At first glance, it looks an awful lot like the same MacBook Pro we’ve become accustomed to seeing over the last several years. The TrackPad is the first indication that something’s different here. It’s huge — twice as big as the last version, and thankfully now carrying the Force Touch technology the company perfected with the last version of the standard MacBook, perfectly mimicking the analog click to the point where it’s virtually indistinguishable.
If you’re standing off to the side, you’ll spot the ports. Two Thunderbolts on each side, clean and uniform, and the balance is once again restored for the Apple aesthetic universe. Save of, course, for the headphone jack still located on the right side (for now, at least).

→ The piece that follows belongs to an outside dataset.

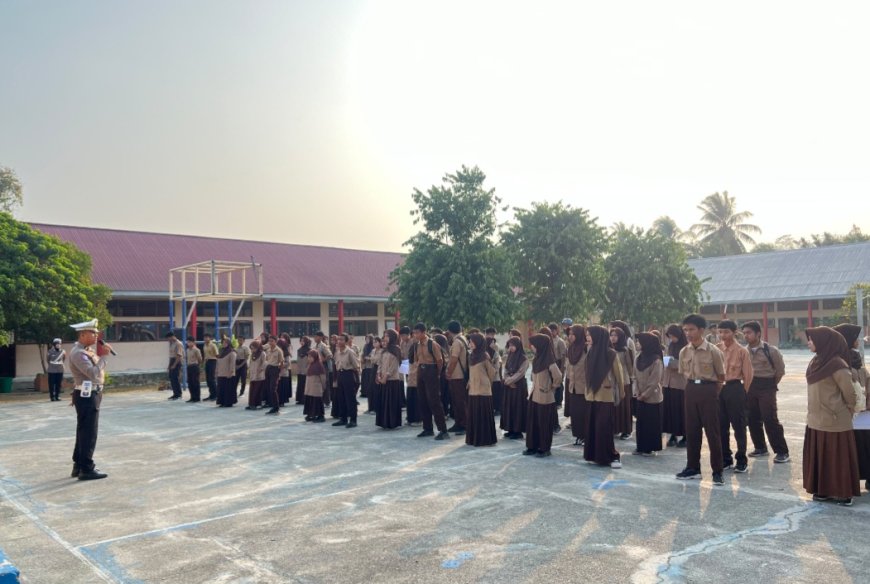 Edukasi Keselamatan Berlalu Lintas di SMAN 4, Satlantas Polres Tekankan Pentingnya Helm Standar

The eagle-eyed might pick up the fact that the system is thinner — or that the screen is brighter, though it probably helps to have an older version right by it for sake of comparison. From there, however, you’ll pick out the key new feature, the row of function keys now lost to obsolescence, in favor of a thin, black, glossy strip.
The Touch Bar (a much catchier name than the rumored Magic Toolbar, mind) is, in a word, neat. Sure the company put the new feature through its paces onstage, but press conference demos and in-person usage are two different things entirely. The strip itself is glossy. Not quite slick, but frictionless enough so as to run a finger across with little effort.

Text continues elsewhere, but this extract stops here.